Заем 1841 г. знаменовал собой возобновление «нормальных условий» во взаимоотношениях Ротшильдов с французским казначейством. В 1842 и 1844 гг. последовали другие займы (на 200 млн франков каждый), несмотря на то что главенству Ротшильдов угрожали Оттингер, Бэринги и Лаффит. Международная напряженность вела к тому, что государства Германии также увеличивали расходы на вооружение. «Пока Франция продолжает вооружаться, — заметил Ансельм, — Германия должна следовать за ней». Конечно, такое положение сулило Ротшильдам новые операции. В самом деле, в 1841 г., после семи не богатых событиями лет, австрийское правительство попросило о займе в размере 38,5 млн гульденов, который Ротшильды, как всегда, разместили совместно с банками «Сина» и «Арнштайн и Эскелес». Через два года тот же консорциум разместил еще один заем на 40 млн гульденов. Когда-то Ротшильды считали мир непременным условием финансовой стабильности; однако «вооруженный мир» оказался выгоднее.

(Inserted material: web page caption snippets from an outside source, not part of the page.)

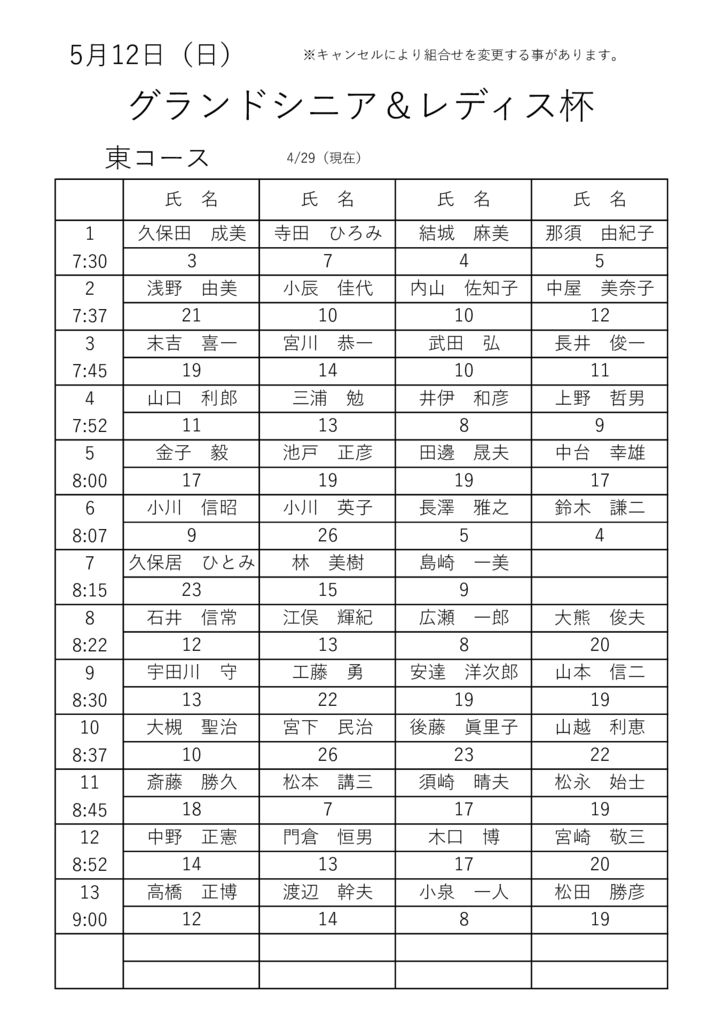 4大・競技ウケツケのサムネイル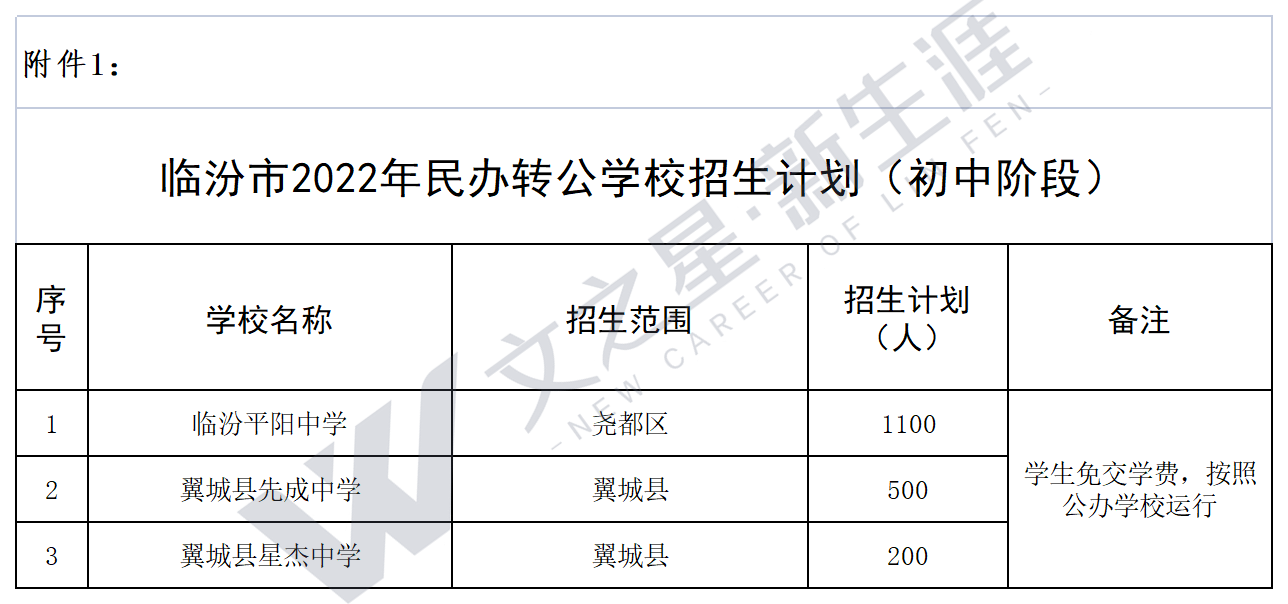 《临汾市2022年民办义务教育阶段学校招生工作方案》的通知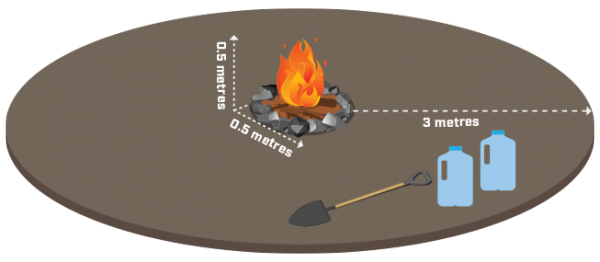campfire-diagram-600.png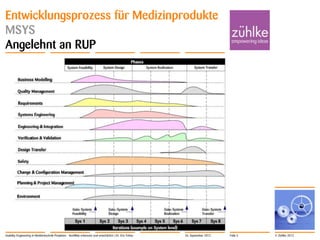 © Zühlke 2012
Entwicklungsprozess für Medizinprodukte
MSYS
Angelehnt an RUP
Usability Engineering in Medizintechnik-Projekten - Konflikte erkennen und entschärfen | Dr. Eric Fehse 26. September 2012 Folie 5
 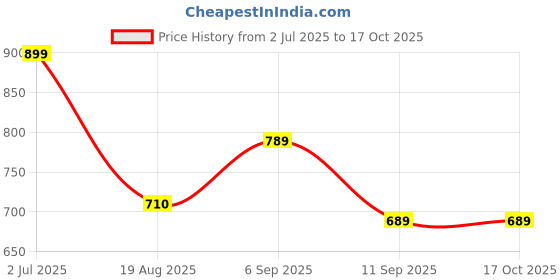 ajio.com max Men Striped Short Kurta max Price History Graph from 2 Jul 2025 to 16 Oct 2025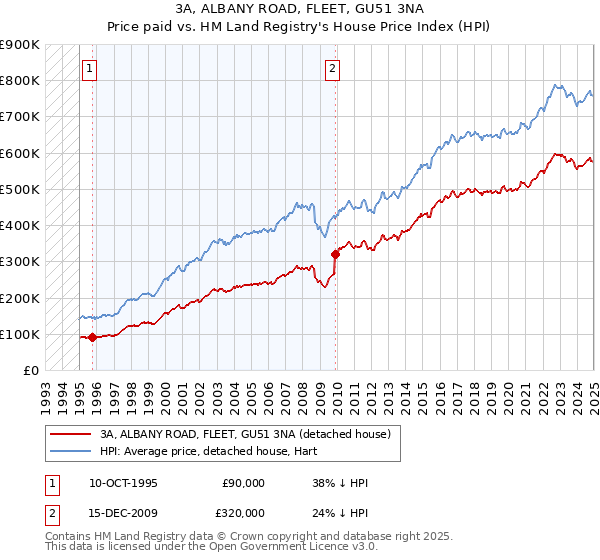 3A, ALBANY ROAD, FLEET, GU51 3NA: Price paid vs HM Land Registry's House Price Index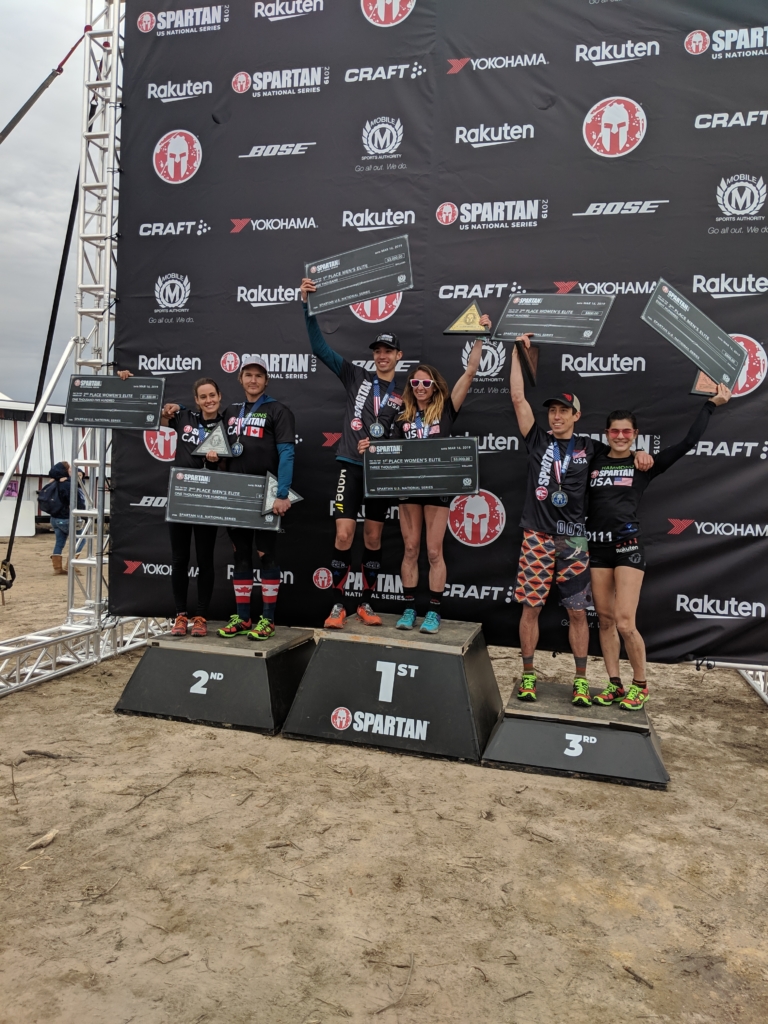 2019 US National Series Alabama Super Winners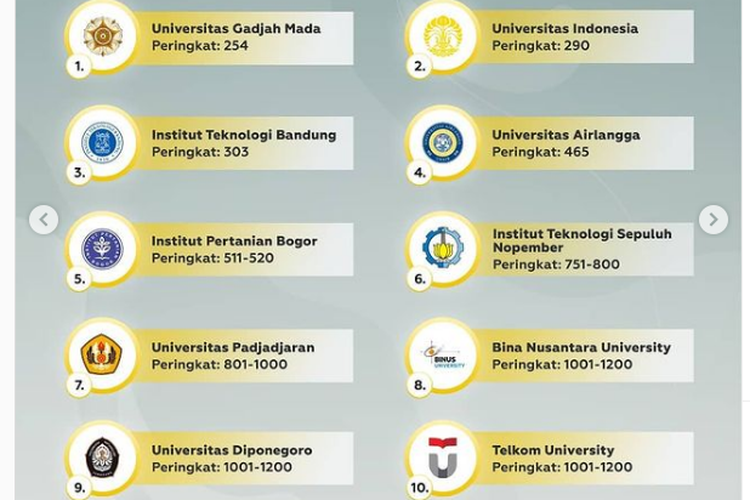 Gambar QS World University Rankings yang menunjukkan peringkat UPI di dunia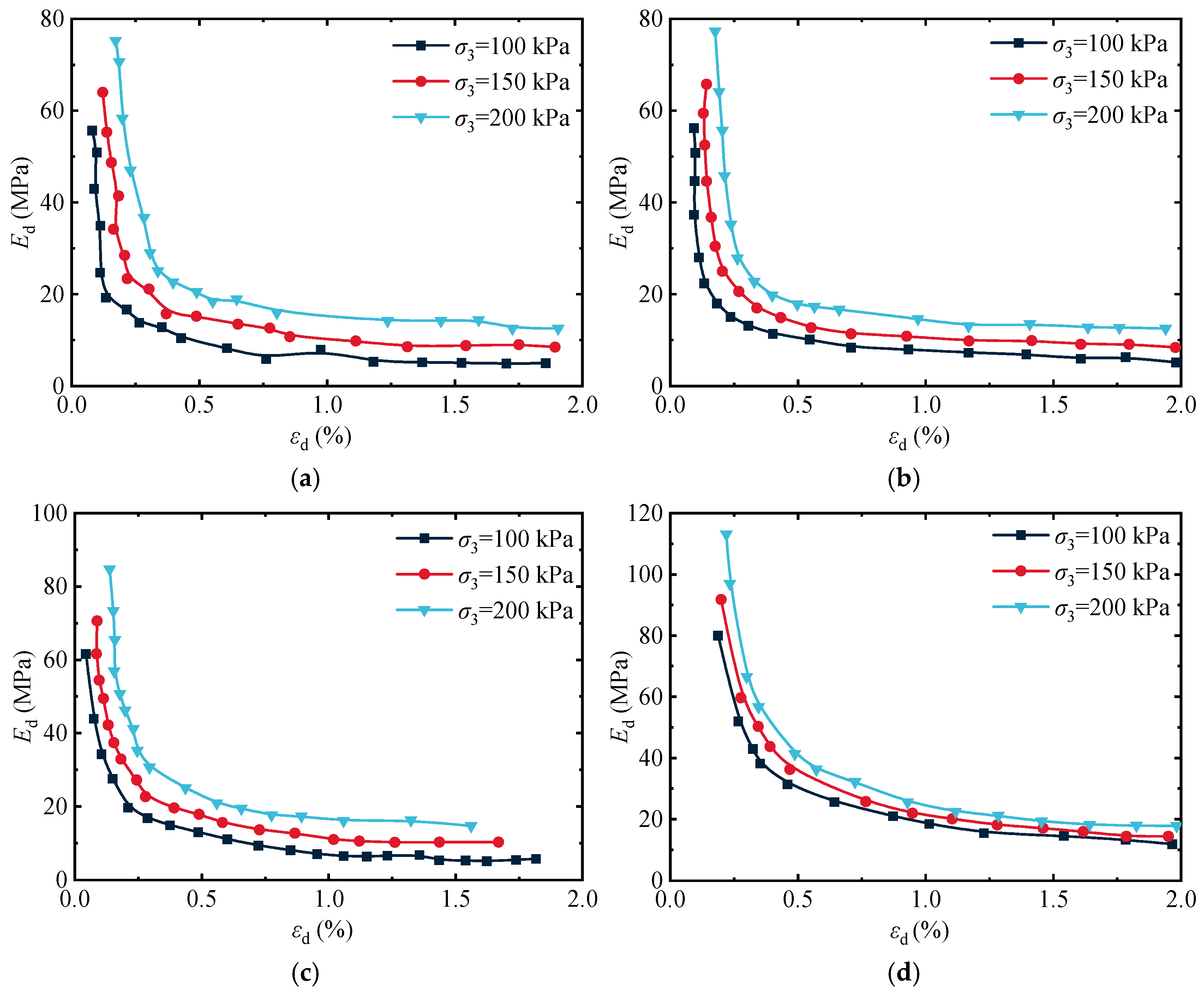 Buildings 15 01198 g004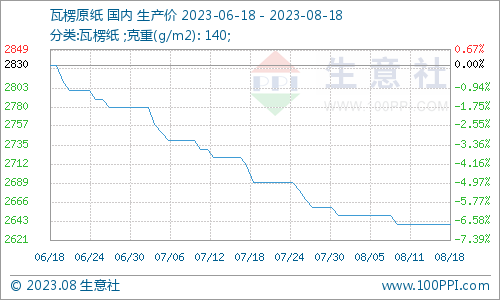 双赢彩票生意社：废纸瓦楞纸小幅震荡 短期可能回暖(图2)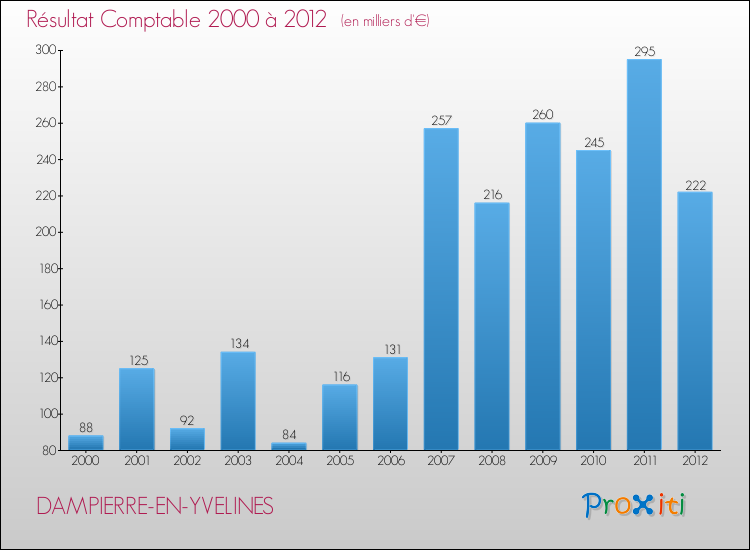 Evolution du résultat comptable pour la commune de DAMPIERRE-EN-YVELINES de 2000 à 2012 Evolution du résultat comptable pour DAMPIERRE-EN-YVELINES de 2000 à 2012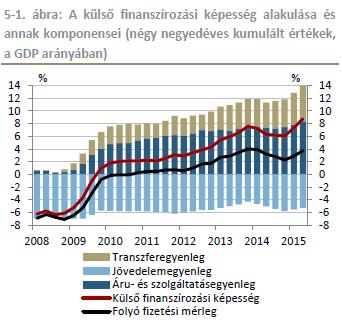 Forrás: MNB Forrás: MNB A külső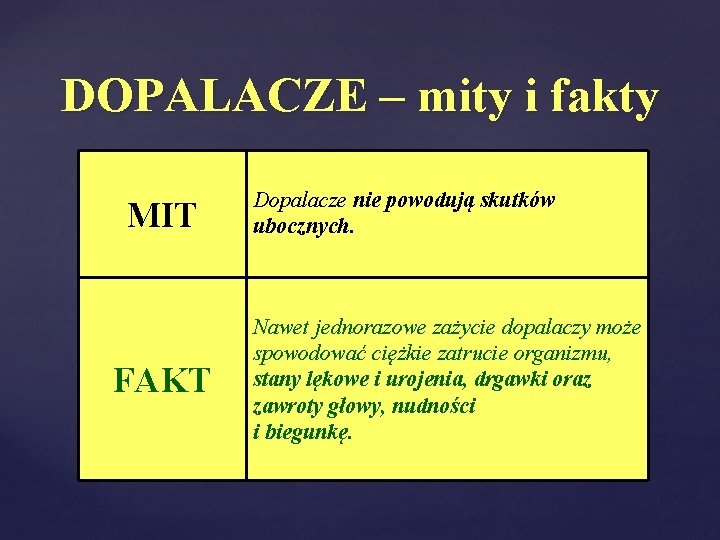 DOPALACZE – mity i fakty MIT FAKT Dopalacze nie powodują skutków ubocznych. Nawet jednorazowe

Неудивительно, что в то время графиня Нессельроде считала Джеймса «вице-королем и даже королем». Он не преувеличивал, когда сказал ей, что знаком со всеми французскими министрами, видится с ними ежедневно и напрямую жалуется королю, если принятые ими меры «противоречат интересам правительства». «Поскольку он знает, что мне есть что терять и что я ничего так не желаю, как спокойствия, он полностью мне доверяет, прислушивается ко всему, что я ему говорю». В последней фразе содержится тонкий намек на то, что режим в финансовом отношении полагается на Ротшильдов. Вот в чем заключалась суть власти Джеймса над «королем-буржуа». Таким образом, назвав Джеймса «флюгером», Гейне недооценил степень, в какой он способен был влиять на направление ветра. В 1840–1847 гг. финансовая поддержка, которую Ротшильды оказывали Гизо, всецело зависела от того, насколько последний избегал открытого конфликта с Великобританией и направлял все большую долю доходов на строительство железных дорог, а не крепостей. Временами размер влияния дяди в Париже удивлял даже Ната и его братьев. Когда начался англо-французский спор из-за тихоокеанского острова Таити, который был урегулирован в 1844 г., Нат заметил: «Его величество был изумительно вежлив и едва не поцеловал его, так он был доволен», ошибочно приписав Ротшильдам сдерживание Пиля в Лондоне.